Mitchell Geere: So us as Instacart, the role we play is really that, it's that we're that touch point between the grocer, or the grocery store and the consumer. And so how the shopper kind of shows up at the consumer store with the bags and hat and saying, "Here's the groceries that you've got." What's in those bags is everything that you ordered in those bags. All those kinds of things adds to the experience of Instacart. That person, that individual that comes to your door, really is showing up as Instacart, in a way, right? Just even though we've set up the marketplace the way it is, as most efficient and makes sense for everyone, ultimately that's how we're perceived, right? Whether it's true or not. And so we're very mindful of that.
A lot of what we're doing right now is making sure that the shoppers have what they need to be able to shop [inaudible 00:14:55] and what they need to be able to represent the company in a way that makes sense for longevity in that.
Carl Smith: So when you first came in, I'm just curious, how did you get your feet under you? Did you try to do ... I understand what you were saying about, I mean you got immersed. But were you trying to do an audit of what were the easiest things for you to fix and get some big wins? Like how did you approach it? Because it seems like there's so many things you could have looked at.

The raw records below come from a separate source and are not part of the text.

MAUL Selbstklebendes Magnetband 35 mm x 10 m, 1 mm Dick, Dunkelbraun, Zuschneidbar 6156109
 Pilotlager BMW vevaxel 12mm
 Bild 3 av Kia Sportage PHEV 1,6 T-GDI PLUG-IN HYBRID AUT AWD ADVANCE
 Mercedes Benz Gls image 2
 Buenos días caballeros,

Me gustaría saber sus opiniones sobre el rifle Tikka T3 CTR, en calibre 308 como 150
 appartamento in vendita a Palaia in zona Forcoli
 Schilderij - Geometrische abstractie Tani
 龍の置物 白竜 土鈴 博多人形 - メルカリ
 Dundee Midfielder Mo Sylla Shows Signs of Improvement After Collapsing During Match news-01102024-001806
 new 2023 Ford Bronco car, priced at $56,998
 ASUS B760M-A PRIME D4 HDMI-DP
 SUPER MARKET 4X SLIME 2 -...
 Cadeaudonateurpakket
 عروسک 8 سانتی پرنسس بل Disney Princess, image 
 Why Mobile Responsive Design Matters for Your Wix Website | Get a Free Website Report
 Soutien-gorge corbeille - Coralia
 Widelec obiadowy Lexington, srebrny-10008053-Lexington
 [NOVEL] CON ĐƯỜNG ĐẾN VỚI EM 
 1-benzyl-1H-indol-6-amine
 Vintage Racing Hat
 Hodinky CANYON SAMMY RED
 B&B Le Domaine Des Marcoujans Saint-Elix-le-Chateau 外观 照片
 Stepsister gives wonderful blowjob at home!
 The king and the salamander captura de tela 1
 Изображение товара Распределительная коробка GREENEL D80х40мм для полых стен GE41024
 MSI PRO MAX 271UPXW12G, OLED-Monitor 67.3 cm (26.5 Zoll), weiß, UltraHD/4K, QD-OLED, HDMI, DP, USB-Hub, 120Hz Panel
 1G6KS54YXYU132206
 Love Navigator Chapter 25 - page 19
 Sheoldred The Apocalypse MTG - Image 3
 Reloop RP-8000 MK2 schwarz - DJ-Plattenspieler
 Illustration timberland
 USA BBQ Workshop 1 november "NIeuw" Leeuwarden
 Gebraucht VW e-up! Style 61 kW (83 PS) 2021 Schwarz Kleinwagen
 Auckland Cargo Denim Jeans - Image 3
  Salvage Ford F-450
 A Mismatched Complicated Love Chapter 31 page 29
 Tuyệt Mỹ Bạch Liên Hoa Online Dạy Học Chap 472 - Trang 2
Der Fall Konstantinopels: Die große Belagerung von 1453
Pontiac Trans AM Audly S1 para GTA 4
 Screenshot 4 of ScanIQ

Mitchell Geere: Yeah. I mean it really started with research. So when I started, we had a super small research team. It was pretty much a research team of one, a woman called Heather Young, she's actually really amazing. She was utilized for a lot of small little tasks here and there. And so my advice to her initially was, "Pick something gnarly, pick one big thing, and just go deeper in that. Just ignore all these small other things and just go deeper in that." Because she was thinking about, "How can I have an impact in the business?" The advice essentially, "Say no to things and say yes to things that matter." And that's a risk in some ways, right? People think, "Well, does this really matter?" And so she did. So she dove deep on shopper communication and shopper access to work and all those kinds of things. Because that seemed to be where pain was, right? If you go on Twitter, you'll see that people aren't necessarily happy with us.
Carl Smith: Yeah.
Mitchell Geere: And so she dove deep into that and unraveled a whole bunch of stuff that we realized was not ideal. And so it got this whole sort of thing flowing where we started digging even deeper into that. Now it's massive projects that we're unearthing and realizing that it's not just about the website and the app and how consumers show up, but it really is about how shoppers show up. Those are our touch points, right, in the market. So now we're super mindful of that. We're super mindful of making sure that any change that comes down the pike that shoppers are aware of it and there are no more surprises and things like that. Yeah, so it really started with research. Really started with speaking to users. Which I think is the ultimate sort of gift of design is that you go out and try and speak to customers, to users, to people who these things really impact and you reflect back to the organization so we can align with them.
Carl Smith: Absolutely. So she goes deep on the research, finds this information and then what do you do with it at that point? Do you try to put together a plan to make things better and then take that to the other people in the company? How did you approach it?
Mitchell Geere: Yes. So fortunately we have amazing people on our team already. So another woman, Himani Amoli, she was her design partner in that. So Himani, Heather, and the rest of the shopper team effectively, they just ran with this. I was in tune with everything. I knew what was going on. I tend to have this thing of trust. When I've pointed people in the right direction and I see that they're kind of heading there, I tend to just sort of be hands-off and just kind of tap in when I need to. And so the answer directly is, I did nothing other than just make sure we provide a place for them to do amazing work. Yeah, so the honest answer, right?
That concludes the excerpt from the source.